▶ _Record excerpts_:
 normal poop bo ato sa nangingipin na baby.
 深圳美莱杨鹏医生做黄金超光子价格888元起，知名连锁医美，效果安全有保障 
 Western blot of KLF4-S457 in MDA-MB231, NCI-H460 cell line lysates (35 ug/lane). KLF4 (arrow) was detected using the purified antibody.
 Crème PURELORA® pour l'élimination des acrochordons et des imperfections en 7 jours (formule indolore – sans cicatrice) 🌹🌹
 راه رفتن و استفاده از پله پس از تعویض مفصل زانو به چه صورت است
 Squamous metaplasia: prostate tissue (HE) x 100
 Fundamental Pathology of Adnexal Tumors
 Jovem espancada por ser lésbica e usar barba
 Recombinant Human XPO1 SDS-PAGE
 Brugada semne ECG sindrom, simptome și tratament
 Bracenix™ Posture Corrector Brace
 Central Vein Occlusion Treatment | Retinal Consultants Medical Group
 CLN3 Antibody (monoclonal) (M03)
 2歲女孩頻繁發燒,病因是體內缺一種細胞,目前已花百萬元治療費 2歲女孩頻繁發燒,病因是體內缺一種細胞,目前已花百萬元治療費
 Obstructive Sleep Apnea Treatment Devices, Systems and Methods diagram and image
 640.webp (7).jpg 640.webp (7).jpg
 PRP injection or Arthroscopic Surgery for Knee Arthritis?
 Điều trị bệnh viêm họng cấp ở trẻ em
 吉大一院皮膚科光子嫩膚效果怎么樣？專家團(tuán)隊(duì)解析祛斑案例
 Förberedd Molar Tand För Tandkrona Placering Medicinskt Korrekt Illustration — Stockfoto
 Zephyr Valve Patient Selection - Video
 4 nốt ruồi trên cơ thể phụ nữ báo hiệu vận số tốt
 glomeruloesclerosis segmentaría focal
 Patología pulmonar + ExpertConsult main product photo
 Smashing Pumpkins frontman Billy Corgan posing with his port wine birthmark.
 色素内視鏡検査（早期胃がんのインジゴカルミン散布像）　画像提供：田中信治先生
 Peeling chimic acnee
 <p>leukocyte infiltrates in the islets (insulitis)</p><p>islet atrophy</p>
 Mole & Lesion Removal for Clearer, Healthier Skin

▶ _What is needed_:
Transcribe all entries exactly as they are given.

▶ _Response_:
 normal poop bo ato sa nangingipin na baby.
 深圳美莱杨鹏医生做黄金超光子价格888元起，知名连锁医美，效果安全有保障 
 Western blot of KLF4-S457 in MDA-MB231, NCI-H460 cell line lysates (35 ug/lane). KLF4 (arrow) was detected using the purified antibody.
 Crème PURELORA® pour l'élimination des acrochordons et des imperfections en 7 jours (formule indolore – sans cicatrice) 🌹🌹
 راه رفتن و استفاده از پله پس از تعویض مفصل زانو به چه صورت است
 Squamous metaplasia: prostate tissue (HE) x 100
 Fundamental Pathology of Adnexal Tumors
 Jovem espancada por ser lésbica e usar barba
 Recombinant Human XPO1 SDS-PAGE
 Brugada semne ECG sindrom, simptome și tratament
 Bracenix™ Posture Corrector Brace
 Central Vein Occlusion Treatment | Retinal Consultants Medical Group
 CLN3 Antibody (monoclonal) (M03)
 2歲女孩頻繁發燒,病因是體內缺一種細胞,目前已花百萬元治療費 2歲女孩頻繁發燒,病因是體內缺一種細胞,目前已花百萬元治療費
 Obstructive Sleep Apnea Treatment Devices, Systems and Methods diagram and image
 640.webp (7).jpg 640.webp (7).jpg
 PRP injection or Arthroscopic Surgery for Knee Arthritis?
 Điều trị bệnh viêm họng cấp ở trẻ em
 吉大一院皮膚科光子嫩膚效果怎么樣？專家團(tuán)隊(duì)解析祛斑案例
 Förberedd Molar Tand För Tandkrona Placering Medicinskt Korrekt Illustration — Stockfoto
 Zephyr Valve Patient Selection - Video
 4 nốt ruồi trên cơ thể phụ nữ báo hiệu vận số tốt
 glomeruloesclerosis segmentaría focal
 Patología pulmonar + ExpertConsult main product photo
 Smashing Pumpkins frontman Billy Corgan posing with his port wine birthmark.
 色素内視鏡検査（早期胃がんのインジゴカルミン散布像）　画像提供：田中信治先生
 Peeling chimic acnee
 <p>leukocyte infiltrates in the islets (insulitis)</p><p>islet atrophy</p>
 Mole & Lesion Removal for Clearer, Healthier Skin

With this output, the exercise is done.